Metabolic acidosis is a medical condition characterized by an imbalance in the body’s acid-base balance, resulting in an accumulation of acid or a loss of bicarbonate (a base) in the body. This disturbance in the acid-base balance leads to a decrease in the pH of the blood, making it more acidic.


There are several possible causes of metabolic acidosis, including:


  • Increased Production of Acid: This can occur due to conditions such as diabetic ketoacidosis (DKA), where the body produces excess ketones (acidic byproducts of fat metabolism) in response to insulin deficiency. Other conditions that can lead to increased acid production include lactic acidosis (due to inadequate oxygen delivery to tissues), ingestion of certain toxins or drugs, and disorders of amino acid metabolism.


  • Decreased Excretion of Acid: The kidneys play a crucial role in excreting excess acid from the body through the urine. Conditions that impair kidney function, such as renal failure or certain types of kidney disease, can lead to a buildup of acid in the body.


  • Loss of Bicarbonate: Bicarbonate is a buffer that helps regulate the body’s acid-base balance. Conditions that result in the loss of bicarbonate from the body, such as diarrhea or intestinal fistulas, can lead to metabolic acidosis.


What is the relationship between metabolic acidosis and oxidative stress?
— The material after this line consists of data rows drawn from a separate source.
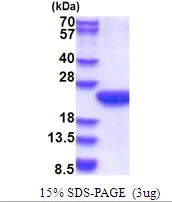 3microg Human POLR2F protein (GTX67650-pro) by SDS-PAGE under reducing condition and visualized by coomassie blue stain. 3microg Human POLR2F protein (GTX67650-pro) by SDS-PAGE under reducing condition and visualized by coomassie blue stain.
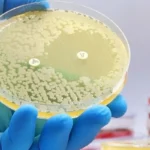 bacteria in tap water (2)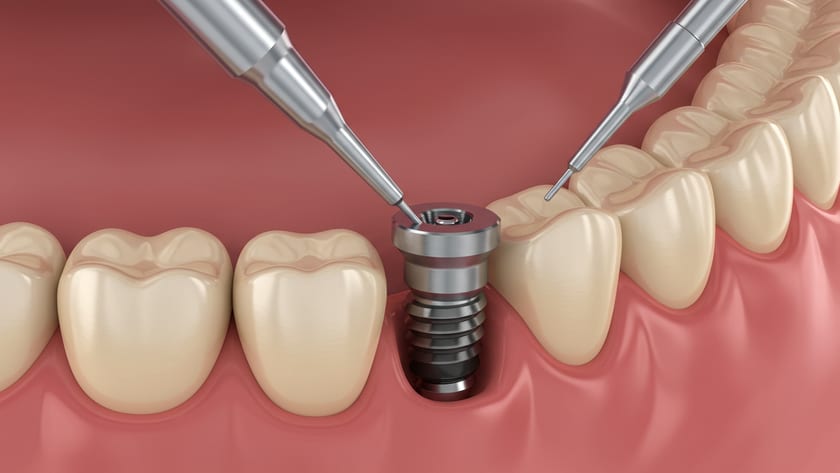 Single tooth dental implant being placed between two natural teeth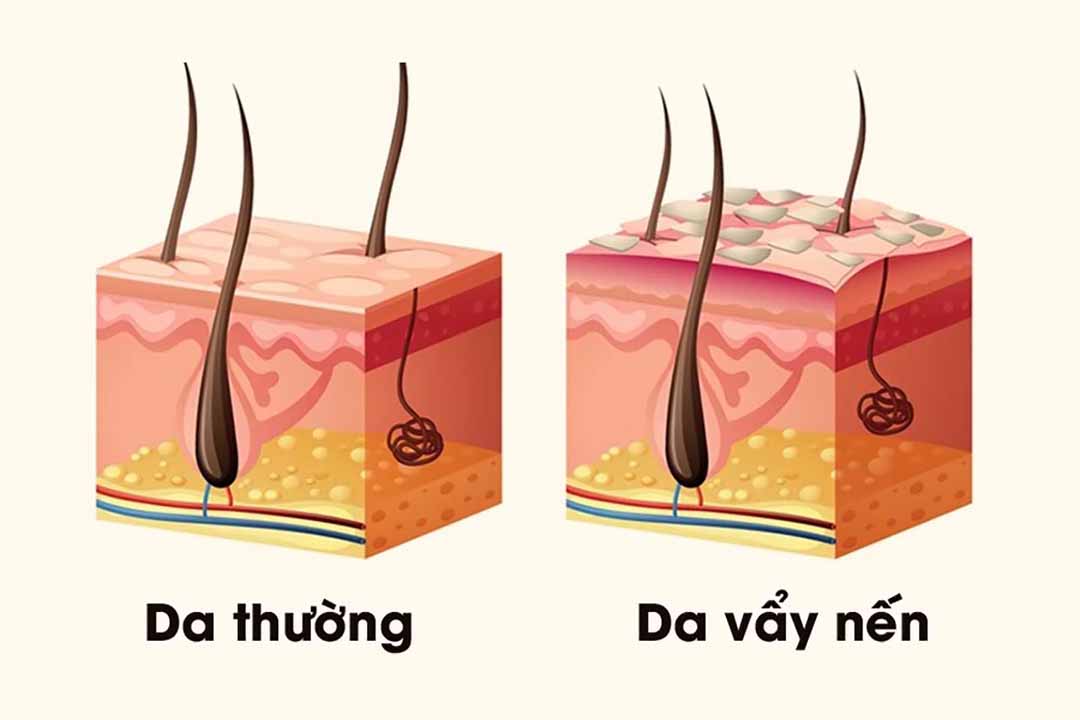 Bệnh vẩy nến của bạn nặng đến mức nào?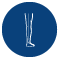 sciatica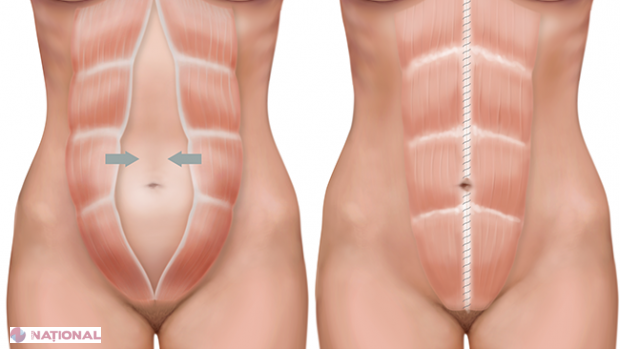 Cum să scapi de BURTICĂ într-o zi. 15 IDEI MINUNE!
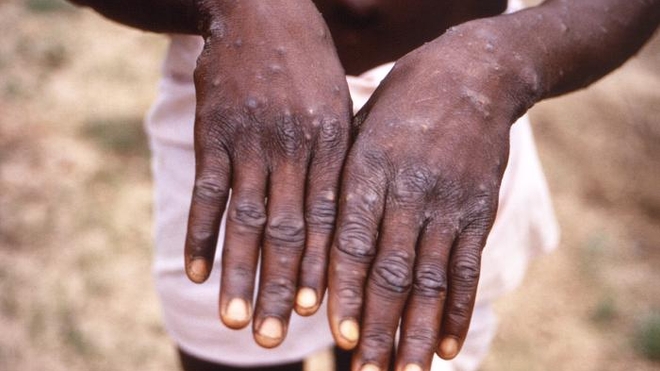 Le premier cas humain de variole du singe a été découvert en République démocratique du Congo en 1970 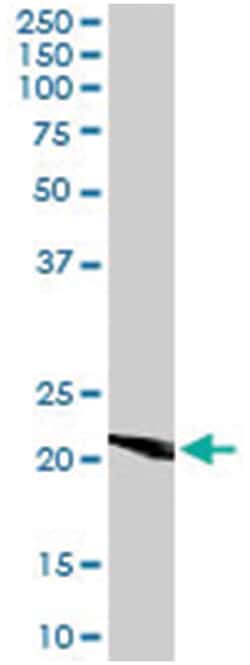 TGIF2, Goat, Polyclonal Antibody, Abnova 100&mu;g; Unlabeled:Antibodies,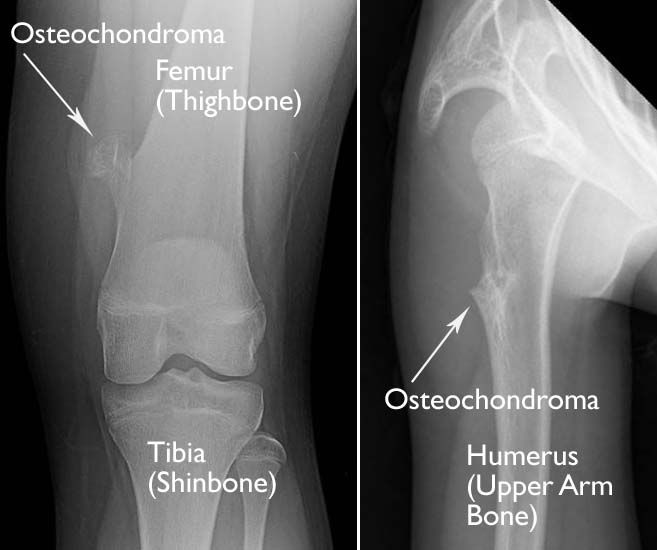 Osteochondroma - OrthoInfo - AAOS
The relationship between metabolic acidosis and oxidative stress is multifaceted and involves complex interactions between cellular metabolism, acid-base balance, and redox homeostasis. While direct evidence linking metabolic acidosis to oxidative stress is limited, several mechanisms suggest potential connections between these processes:


  • Mitochondrial Dysfunction: Metabolic acidosis can disrupt mitochondrial function, leading to impaired oxidative phosphorylation and ATP production. Mitochondria are major sources of reactive oxygen species (ROS) production in cells, and disruption of mitochondrial function can lead to increased ROS generation. Excess ROS production in mitochondria can overwhelm antioxidant defenses and lead to oxidative stress.
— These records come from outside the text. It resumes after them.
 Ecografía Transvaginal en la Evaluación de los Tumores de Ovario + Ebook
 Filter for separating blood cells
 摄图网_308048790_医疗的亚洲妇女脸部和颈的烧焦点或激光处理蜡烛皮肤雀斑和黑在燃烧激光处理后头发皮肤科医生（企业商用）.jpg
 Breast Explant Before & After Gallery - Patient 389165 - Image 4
  • Inflammation and Immune Response: Metabolic acidosis can activate inflammatory pathways and trigger immune responses in cells and tissues. Inflammatory cells, such as macrophages and neutrophils, produce ROS as part of their antimicrobial defense mechanisms. Chronic inflammation associated with metabolic acidosis can lead to sustained ROS production and oxidative stress.


  • Acidosis-induced Tissue Damage: Acidosis can directly damage cells and tissues, leading to cellular injury and oxidative stress. Acidosis disrupts cell membrane integrity, alters intracellular pH, and impairs enzymatic function, all of which can contribute to oxidative damage. Oxidative stress resulting from tissue injury and damage can further exacerbate cellular dysfunction and contribute to the progression of metabolic acidosis.


  • Antioxidant Defenses: Metabolic acidosis may affect antioxidant defenses and redox signaling pathways in cells. Acidosis can alter the expression and activity of antioxidant enzymes, such as superoxide dismutase (SOD), catalase, and glutathione peroxidase, leading to impaired antioxidant capacity. Dysregulation of antioxidant defenses can exacerbate oxidative stress and contribute to cellular damage in the context of metabolic acidosis.


  • Secondary Effects on Organ Function: Metabolic acidosis can have systemic effects on organ function, leading to tissue hypoxia, ischemia-reperfusion injury, and organ dysfunction. These secondary effects can further contribute to oxidative stress and tissue damage in affected organs, exacerbating the overall oxidative burden in the body.


Overall, while the precise mechanisms linking metabolic acidosis to oxidative stress are still being elucidated, evidence suggests that metabolic acidosis can disrupt cellular metabolism, activate inflammatory pathways, and impair antioxidant defenses, leading to increased ROS production and oxidative stress.